## Work item
Would you please write out each entry precisely as given?

## Material for the task
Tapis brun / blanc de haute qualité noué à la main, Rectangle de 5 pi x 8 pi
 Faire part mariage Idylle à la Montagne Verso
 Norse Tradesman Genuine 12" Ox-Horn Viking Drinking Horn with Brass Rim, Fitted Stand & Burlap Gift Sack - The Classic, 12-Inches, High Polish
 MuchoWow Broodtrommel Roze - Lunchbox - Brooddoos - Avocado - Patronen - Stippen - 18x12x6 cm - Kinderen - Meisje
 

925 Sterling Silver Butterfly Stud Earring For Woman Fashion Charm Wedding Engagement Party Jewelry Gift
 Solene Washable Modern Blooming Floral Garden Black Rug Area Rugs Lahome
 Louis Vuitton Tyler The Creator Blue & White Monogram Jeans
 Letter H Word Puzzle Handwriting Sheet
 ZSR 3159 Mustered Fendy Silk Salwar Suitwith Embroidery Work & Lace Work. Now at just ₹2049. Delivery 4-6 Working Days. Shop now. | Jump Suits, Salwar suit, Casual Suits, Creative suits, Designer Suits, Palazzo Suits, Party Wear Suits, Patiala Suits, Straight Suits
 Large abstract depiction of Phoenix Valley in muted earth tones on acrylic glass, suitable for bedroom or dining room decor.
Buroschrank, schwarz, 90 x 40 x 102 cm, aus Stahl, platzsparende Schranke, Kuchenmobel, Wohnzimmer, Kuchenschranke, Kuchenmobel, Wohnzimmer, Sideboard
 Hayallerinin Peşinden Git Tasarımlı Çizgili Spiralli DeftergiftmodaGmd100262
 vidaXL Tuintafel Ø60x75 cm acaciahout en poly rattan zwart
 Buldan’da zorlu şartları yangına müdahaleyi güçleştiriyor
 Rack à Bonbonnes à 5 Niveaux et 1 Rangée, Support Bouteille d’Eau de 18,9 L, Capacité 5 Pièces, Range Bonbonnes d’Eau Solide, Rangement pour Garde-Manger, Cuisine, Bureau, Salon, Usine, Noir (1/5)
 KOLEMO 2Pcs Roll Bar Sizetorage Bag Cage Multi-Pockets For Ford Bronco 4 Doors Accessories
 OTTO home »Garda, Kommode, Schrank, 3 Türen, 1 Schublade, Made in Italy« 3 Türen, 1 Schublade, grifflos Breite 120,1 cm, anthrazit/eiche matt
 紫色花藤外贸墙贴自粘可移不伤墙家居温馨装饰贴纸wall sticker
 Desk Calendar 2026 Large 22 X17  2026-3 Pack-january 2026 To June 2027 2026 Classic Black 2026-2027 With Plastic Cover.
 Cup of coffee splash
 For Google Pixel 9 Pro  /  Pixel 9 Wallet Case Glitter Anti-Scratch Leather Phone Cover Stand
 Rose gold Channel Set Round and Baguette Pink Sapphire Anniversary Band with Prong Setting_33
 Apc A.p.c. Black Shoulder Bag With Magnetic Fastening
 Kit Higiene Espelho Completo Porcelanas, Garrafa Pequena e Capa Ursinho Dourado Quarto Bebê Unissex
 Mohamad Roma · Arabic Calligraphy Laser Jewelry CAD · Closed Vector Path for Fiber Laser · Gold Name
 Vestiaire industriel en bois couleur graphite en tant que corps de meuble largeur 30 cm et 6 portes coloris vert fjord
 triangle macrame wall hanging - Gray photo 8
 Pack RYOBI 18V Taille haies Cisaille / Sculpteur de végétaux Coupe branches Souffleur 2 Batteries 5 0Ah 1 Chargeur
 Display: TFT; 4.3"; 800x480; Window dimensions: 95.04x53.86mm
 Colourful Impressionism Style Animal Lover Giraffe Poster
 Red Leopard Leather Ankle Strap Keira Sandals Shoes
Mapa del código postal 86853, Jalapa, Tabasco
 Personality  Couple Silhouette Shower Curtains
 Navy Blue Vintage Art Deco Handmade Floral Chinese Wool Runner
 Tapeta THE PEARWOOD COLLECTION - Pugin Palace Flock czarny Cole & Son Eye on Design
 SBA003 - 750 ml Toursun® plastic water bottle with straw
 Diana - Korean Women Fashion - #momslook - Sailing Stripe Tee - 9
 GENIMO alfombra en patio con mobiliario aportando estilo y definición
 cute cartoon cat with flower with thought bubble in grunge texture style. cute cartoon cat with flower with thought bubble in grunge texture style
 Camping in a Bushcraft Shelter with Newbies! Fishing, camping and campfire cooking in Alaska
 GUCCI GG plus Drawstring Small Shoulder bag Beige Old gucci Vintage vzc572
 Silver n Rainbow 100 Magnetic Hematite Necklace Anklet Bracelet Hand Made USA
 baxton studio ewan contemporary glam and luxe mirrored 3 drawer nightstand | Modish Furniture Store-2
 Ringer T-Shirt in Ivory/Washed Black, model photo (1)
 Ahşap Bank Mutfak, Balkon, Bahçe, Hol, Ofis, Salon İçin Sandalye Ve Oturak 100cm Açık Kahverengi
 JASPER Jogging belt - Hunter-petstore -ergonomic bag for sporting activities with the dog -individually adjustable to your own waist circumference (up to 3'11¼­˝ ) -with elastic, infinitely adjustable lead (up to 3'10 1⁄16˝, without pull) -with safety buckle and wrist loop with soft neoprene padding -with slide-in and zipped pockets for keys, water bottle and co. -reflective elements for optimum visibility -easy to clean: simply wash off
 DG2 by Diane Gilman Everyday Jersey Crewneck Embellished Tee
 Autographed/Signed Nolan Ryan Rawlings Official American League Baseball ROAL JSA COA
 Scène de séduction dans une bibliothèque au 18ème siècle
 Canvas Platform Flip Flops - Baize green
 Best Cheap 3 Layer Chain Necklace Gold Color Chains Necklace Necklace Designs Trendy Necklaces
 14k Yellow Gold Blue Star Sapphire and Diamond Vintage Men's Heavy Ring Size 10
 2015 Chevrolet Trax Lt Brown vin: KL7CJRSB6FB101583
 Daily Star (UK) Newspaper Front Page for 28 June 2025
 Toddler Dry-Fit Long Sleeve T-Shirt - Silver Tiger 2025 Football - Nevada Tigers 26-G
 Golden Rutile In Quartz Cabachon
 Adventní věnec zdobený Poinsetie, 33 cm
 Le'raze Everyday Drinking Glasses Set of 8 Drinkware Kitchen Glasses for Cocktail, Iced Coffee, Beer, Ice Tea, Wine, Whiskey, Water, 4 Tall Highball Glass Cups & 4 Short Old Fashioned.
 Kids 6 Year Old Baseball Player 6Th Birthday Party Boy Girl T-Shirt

## Solution for this task
Tapis brun / blanc de haute qualité noué à la main, Rectangle de 5 pi x 8 pi
 Faire part mariage Idylle à la Montagne Verso
 Norse Tradesman Genuine 12" Ox-Horn Viking Drinking Horn with Brass Rim, Fitted Stand & Burlap Gift Sack - The Classic, 12-Inches, High Polish
 MuchoWow Broodtrommel Roze - Lunchbox - Brooddoos - Avocado - Patronen - Stippen - 18x12x6 cm - Kinderen - Meisje
 

925 Sterling Silver Butterfly Stud Earring For Woman Fashion Charm Wedding Engagement Party Jewelry Gift
 Solene Washable Modern Blooming Floral Garden Black Rug Area Rugs Lahome
 Louis Vuitton Tyler The Creator Blue & White Monogram Jeans
 Letter H Word Puzzle Handwriting Sheet
 ZSR 3159 Mustered Fendy Silk Salwar Suitwith Embroidery Work & Lace Work. Now at just ₹2049. Delivery 4-6 Working Days. Shop now. | Jump Suits, Salwar suit, Casual Suits, Creative suits, Designer Suits, Palazzo Suits, Party Wear Suits, Patiala Suits, Straight Suits
 Large abstract depiction of Phoenix Valley in muted earth tones on acrylic glass, suitable for bedroom or dining room decor.
Buroschrank, schwarz, 90 x 40 x 102 cm, aus Stahl, platzsparende Schranke, Kuchenmobel, Wohnzimmer, Kuchenschranke, Kuchenmobel, Wohnzimmer, Sideboard
 Hayallerinin Peşinden Git Tasarımlı Çizgili Spiralli DeftergiftmodaGmd100262
 vidaXL Tuintafel Ø60x75 cm acaciahout en poly rattan zwart
 Buldan’da zorlu şartları yangına müdahaleyi güçleştiriyor
 Rack à Bonbonnes à 5 Niveaux et 1 Rangée, Support Bouteille d’Eau de 18,9 L, Capacité 5 Pièces, Range Bonbonnes d’Eau Solide, Rangement pour Garde-Manger, Cuisine, Bureau, Salon, Usine, Noir (1/5)
 KOLEMO 2Pcs Roll Bar Sizetorage Bag Cage Multi-Pockets For Ford Bronco 4 Doors Accessories
 OTTO home »Garda, Kommode, Schrank, 3 Türen, 1 Schublade, Made in Italy« 3 Türen, 1 Schublade, grifflos Breite 120,1 cm, anthrazit/eiche matt
 紫色花藤外贸墙贴自粘可移不伤墙家居温馨装饰贴纸wall sticker
 Desk Calendar 2026 Large 22 X17  2026-3 Pack-january 2026 To June 2027 2026 Classic Black 2026-2027 With Plastic Cover.
 Cup of coffee splash
 For Google Pixel 9 Pro  /  Pixel 9 Wallet Case Glitter Anti-Scratch Leather Phone Cover Stand
 Rose gold Channel Set Round and Baguette Pink Sapphire Anniversary Band with Prong Setting_33
 Apc A.p.c. Black Shoulder Bag With Magnetic Fastening
 Kit Higiene Espelho Completo Porcelanas, Garrafa Pequena e Capa Ursinho Dourado Quarto Bebê Unissex
 Mohamad Roma · Arabic Calligraphy Laser Jewelry CAD · Closed Vector Path for Fiber Laser · Gold Name
 Vestiaire industriel en bois couleur graphite en tant que corps de meuble largeur 30 cm et 6 portes coloris vert fjord
 triangle macrame wall hanging - Gray photo 8
 Pack RYOBI 18V Taille haies Cisaille / Sculpteur de végétaux Coupe branches Souffleur 2 Batteries 5 0Ah 1 Chargeur
 Display: TFT; 4.3"; 800x480; Window dimensions: 95.04x53.86mm
 Colourful Impressionism Style Animal Lover Giraffe Poster
 Red Leopard Leather Ankle Strap Keira Sandals Shoes
Mapa del código postal 86853, Jalapa, Tabasco
 Personality  Couple Silhouette Shower Curtains
 Navy Blue Vintage Art Deco Handmade Floral Chinese Wool Runner
 Tapeta THE PEARWOOD COLLECTION - Pugin Palace Flock czarny Cole & Son Eye on Design
 SBA003 - 750 ml Toursun® plastic water bottle with straw
 Diana - Korean Women Fashion - #momslook - Sailing Stripe Tee - 9
 GENIMO alfombra en patio con mobiliario aportando estilo y definición
 cute cartoon cat with flower with thought bubble in grunge texture style. cute cartoon cat with flower with thought bubble in grunge texture style
 Camping in a Bushcraft Shelter with Newbies! Fishing, camping and campfire cooking in Alaska
 GUCCI GG plus Drawstring Small Shoulder bag Beige Old gucci Vintage vzc572
 Silver n Rainbow 100 Magnetic Hematite Necklace Anklet Bracelet Hand Made USA
 baxton studio ewan contemporary glam and luxe mirrored 3 drawer nightstand | Modish Furniture Store-2
 Ringer T-Shirt in Ivory/Washed Black, model photo (1)
 Ahşap Bank Mutfak, Balkon, Bahçe, Hol, Ofis, Salon İçin Sandalye Ve Oturak 100cm Açık Kahverengi
 JASPER Jogging belt - Hunter-petstore -ergonomic bag for sporting activities with the dog -individually adjustable to your own waist circumference (up to 3'11¼­˝ ) -with elastic, infinitely adjustable lead (up to 3'10 1⁄16˝, without pull) -with safety buckle and wrist loop with soft neoprene padding -with slide-in and zipped pockets for keys, water bottle and co. -reflective elements for optimum visibility -easy to clean: simply wash off
 DG2 by Diane Gilman Everyday Jersey Crewneck Embellished Tee
 Autographed/Signed Nolan Ryan Rawlings Official American League Baseball ROAL JSA COA
 Scène de séduction dans une bibliothèque au 18ème siècle
 Canvas Platform Flip Flops - Baize green
 Best Cheap 3 Layer Chain Necklace Gold Color Chains Necklace Necklace Designs Trendy Necklaces
 14k Yellow Gold Blue Star Sapphire and Diamond Vintage Men's Heavy Ring Size 10
 2015 Chevrolet Trax Lt Brown vin: KL7CJRSB6FB101583
 Daily Star (UK) Newspaper Front Page for 28 June 2025
 Toddler Dry-Fit Long Sleeve T-Shirt - Silver Tiger 2025 Football - Nevada Tigers 26-G
 Golden Rutile In Quartz Cabachon
 Adventní věnec zdobený Poinsetie, 33 cm
 Le'raze Everyday Drinking Glasses Set of 8 Drinkware Kitchen Glasses for Cocktail, Iced Coffee, Beer, Ice Tea, Wine, Whiskey, Water, 4 Tall Highball Glass Cups & 4 Short Old Fashioned.
 Kids 6 Year Old Baseball Player 6Th Birthday Party Boy Girl T-Shirt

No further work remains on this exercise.